The following table shows the hosts under benchmark:

	host	CPU	mitigations	poll	os	kernel
0	5i4250u	Core i5-4250U	yes	yes	Fedora 33	5.12
1	7i6600u	Core i7-6600U	yes	yes	Fedora 33	5.13
2	ac3758	Atom C3758	no	yes	Fedora 33	5.13
3	x2643	Xeon E5-2643 v2	yes	no	RHEL 7	3.10
4	x2667h	Xeon E5-2667 v3	yes	yes	RHEL 7	3.10
5	x2667s	Xeon E5-2667 v3	yes	yes	RHEL 7	3.10
6	x2687w	Xeon E5-2687W v3	yes	yes	RHEL 7	3.10
7	x2689	Xeon E5-2689 v4	yes	yes	RHEL 7	3.10
8	x2690	Xeon E5-2690 0	yes	yes	RHEL 7	3.10
9	xg6144	Xeon Gold 6144	yes	yes	RHEL 7	3.10
10	xg6148	Xeon Gold 6148	no	yes	RHEL 7	3.10
11	xg6246	Xeon Gold 6246	yes	yes	RHEL 7	3.10
12	xg6256	Xeon Gold 6256	no	yes	RHEL 7	3.10
13	xg6256b	Xeon Gold 6256	yes	yes	RHEL 7	3.10
14	xs4110	Xeon Silver 4110	no	yes	RHEL 7	3.10

Notes:

the kernels are the ones packaged by the distributions
most RHEL hosts are on RHEL 7.9
CPU mitigations are disabled via the mitigations=off kernel parameter or similar parameters
polling means that CPU frequency scaling and power saving is disabled via kernel parameters and tuned PM QoS settings
so the host's CPU runs on a fixed frequency; where possible this frequency is set slightly above the base frequency, e.g. on the Xeon Gold 6256 CPU it's set to 4.1 GHz
the Atom CPU doesn't support Hyperthreading and Hyperthreading is disabled on all Xeon hosts
all hosts have SELinux and/or Auditing enabled (on Fedora/RHEL these features are enabled by default) which adds some syscall overhead to some degree

Terminology¶

There are basically two important separate terms to distinguish in the above discussion:

Mode Switch (or Mode Transition)
Context Switch

The definitions of these terms might vary in different literature and different operating systems.
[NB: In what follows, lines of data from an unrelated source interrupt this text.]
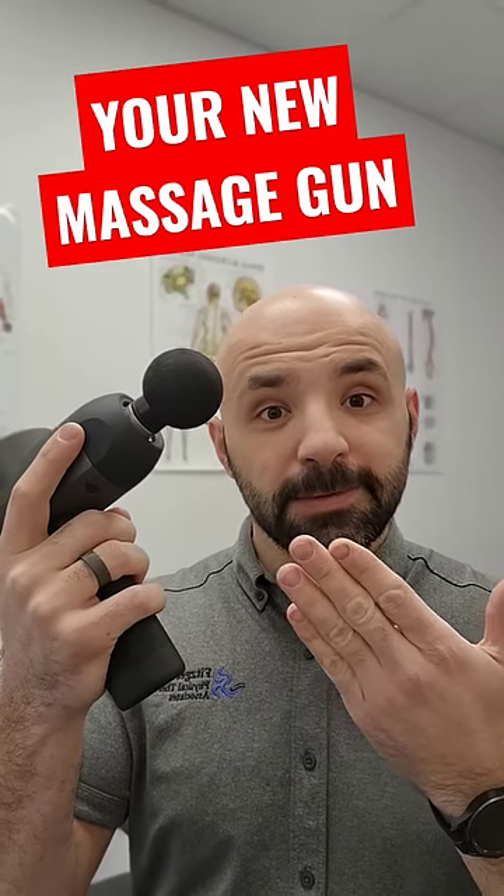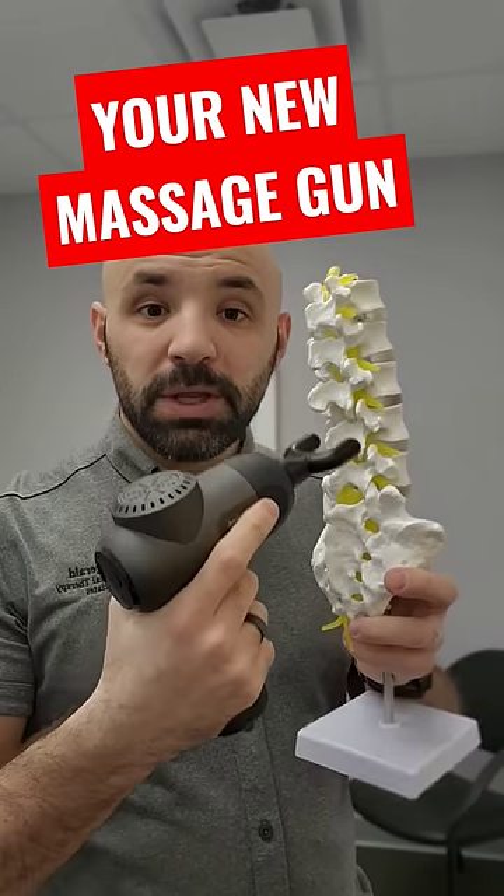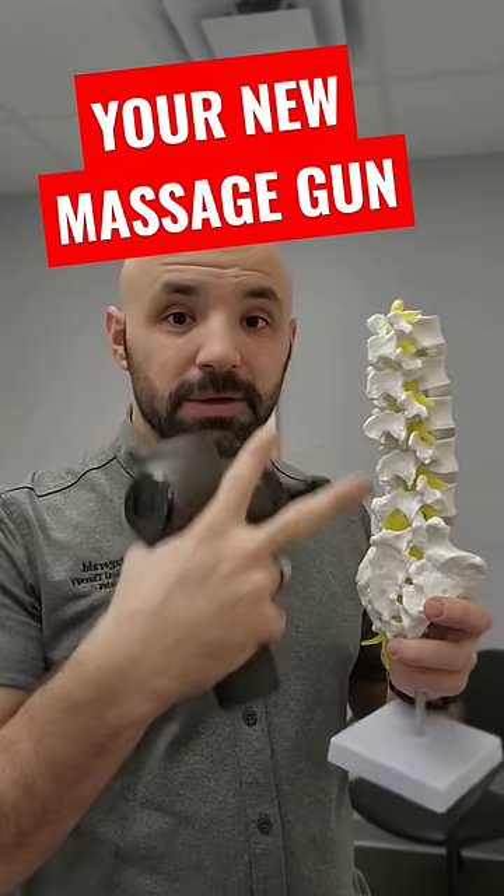So you got a new massage gun for Christmas. How do you use it without getting yourself hurt? All these massage guns are roughly the same. They all come with these attachments. Some are a little different, but overall they do the same thing. So out of all the attachments, this is the only one that's a bit unique. It's designed to go between the vertebrae, between the bones of the spine, and hit the muscles on either side.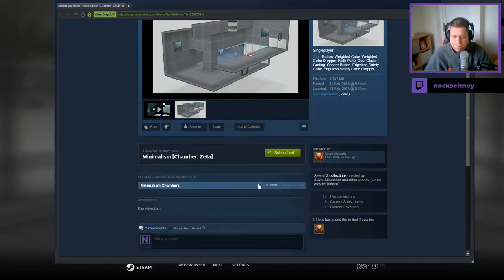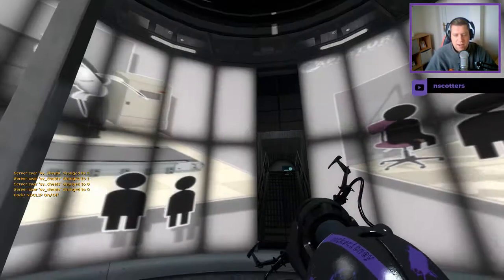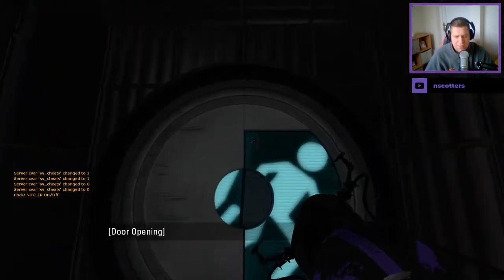Easy medium. That's all we're getting. That's all we're getting out of Seven Silhouette on this occasion.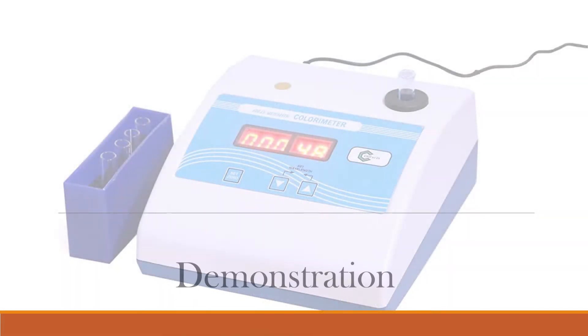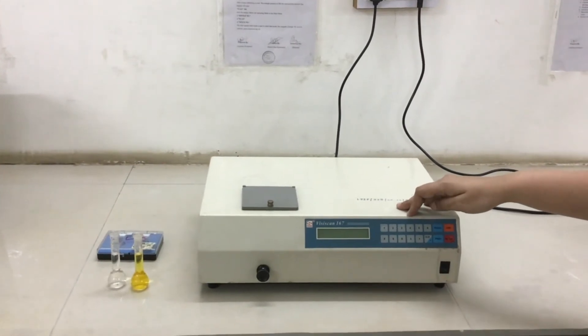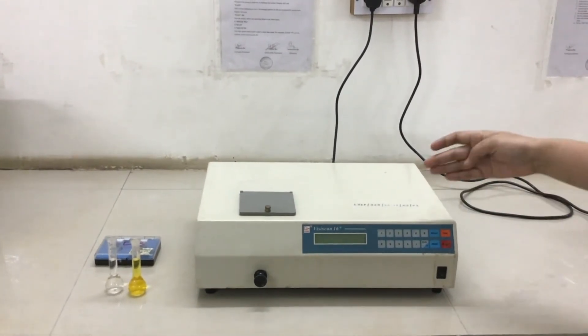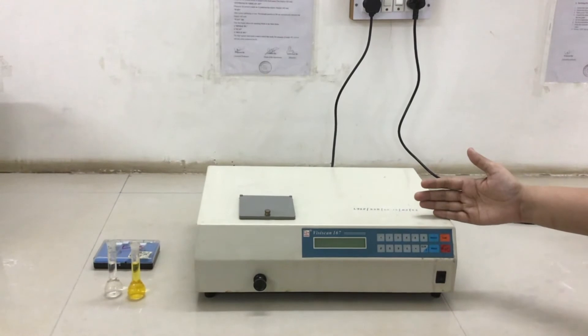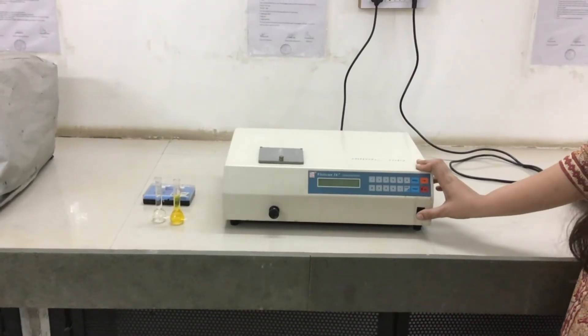Now we will see a demonstration of the photometer. We are starting the second session — operation of the colorimeter. This is a double beam spectrophotometer made by Viziskin, operated in the range of 400 to 800 nanometers, which is the visible range. We will now initialize the instrument by switching it on.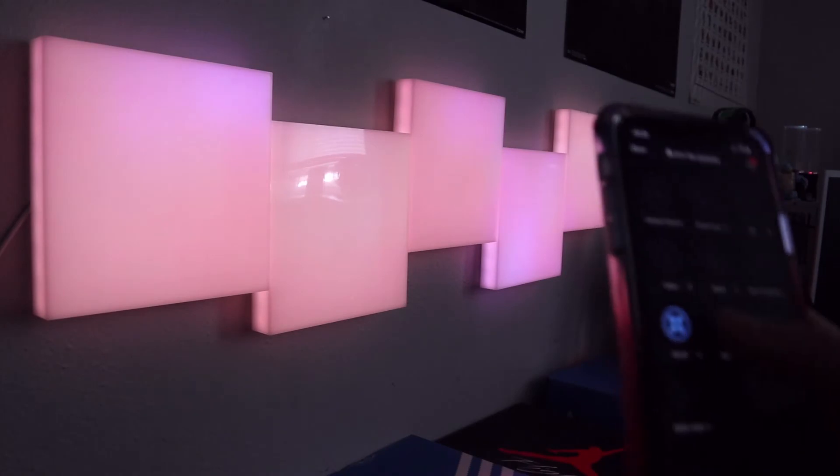Moving on, we have Pastels, and then Random — Random goes through all of the effects periodically, as you'd expect. Then there's Spooky, which is a weird one — it kind of flickers rapidly and then stops, and then does it again. That one's kind of cool as well.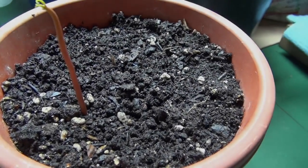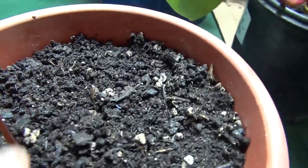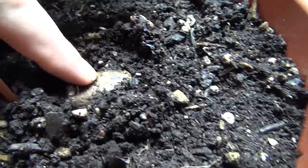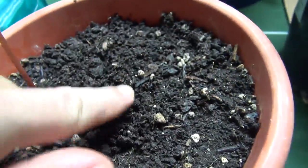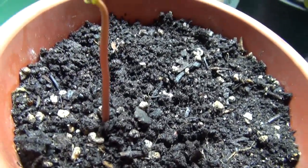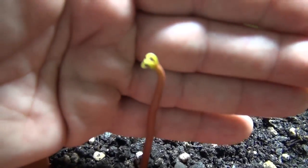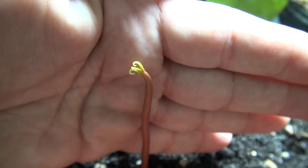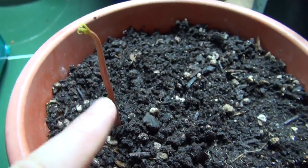Just a quick update on the mango that I planted. The seed is in here — you can see the mango seed and we got a mango shoot. It's just starting to get a little bit of leaf on it. The stem is pretty long, nice and long.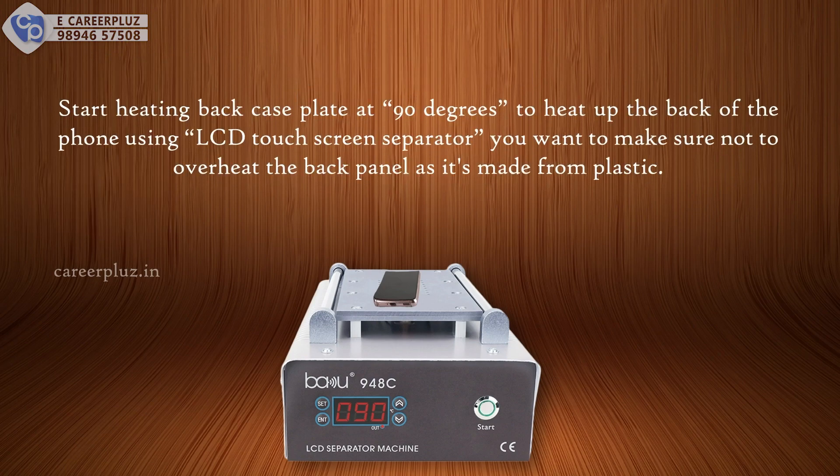Start heating the back case plate at 90 degrees to heat up the back of the phone using an LCD touch screen separator. You want to make sure not to overheat the back panel as it's made from plastic.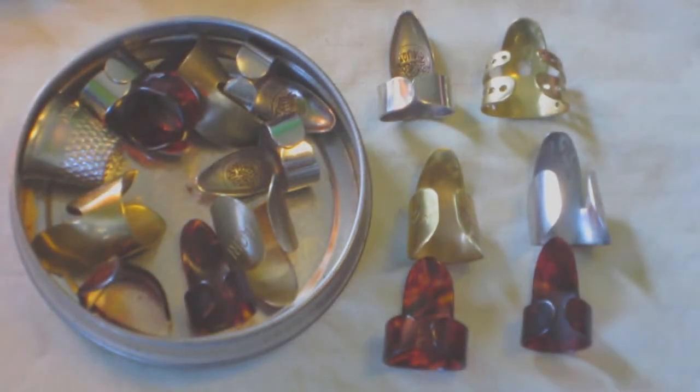As you can see, finger picks come in many shapes, sizes, and materials. So there are a lot of variations to consider when picking which utensils you want to work with.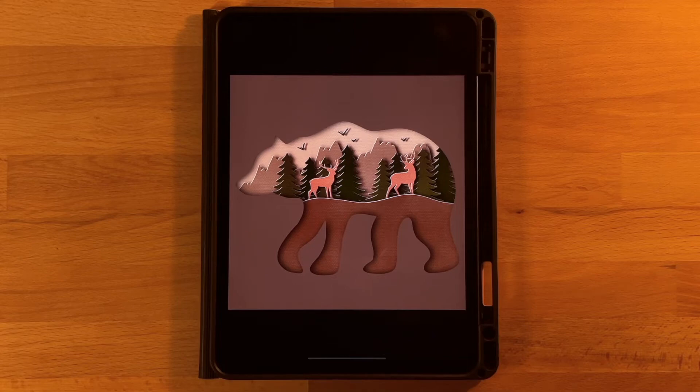Hi everyone! Welcome to another Procreate tutorial. This is the drawing that we will be completing in today's video. If you are new here I mainly post Procreate tutorials so if that is something you are interested in go ahead and subscribe.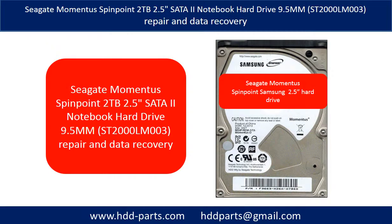Hello there. In this video, we are going to talk about Seagate Momentus Spin Point 2TB 2.5-inch Notebook Hard Drive Repair and Data Recovery. On the hard drive sticker, it says Samsung. That's because Seagate bought Samsung's hard drive division in 2011.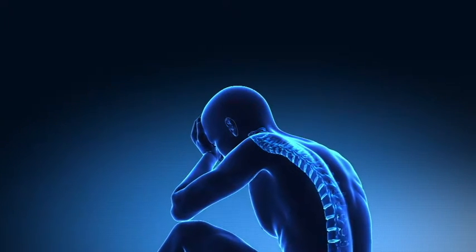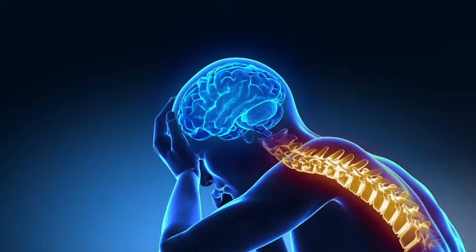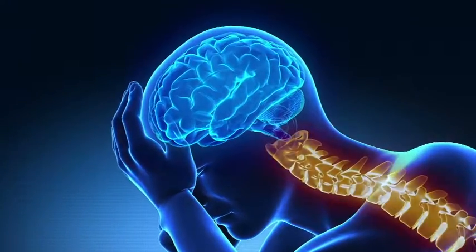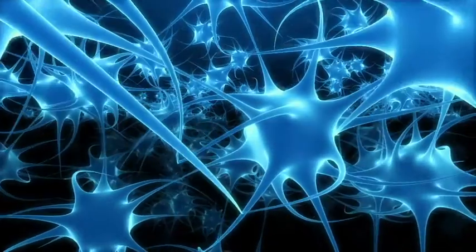Spinal cord stimulation is a minimally invasive, relatively low-risk surgical technique, which most likely works by blocking the transmission of pain signals from the body to the brain. Effectively, it works by replacing the sensation of pain with a more pleasant sensation, which might be a sensation of vibration or buzzing. Some people even say it feels like a sensation of bubbling champagne.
Also, in other contexts (no pun intended!) one might describe different modes as different contexts. However, the definitions given in the linked Wikipedia articles are widely used and apply to Linux.

Basically, a mode transition denotes the switch between user mode and kernel mode (or between user space and kernel space) whereas a context switch denotes a switch between different tasks, which is facilitated by the kernel. A context switch requires more work than a mode switch and thus is more expensive.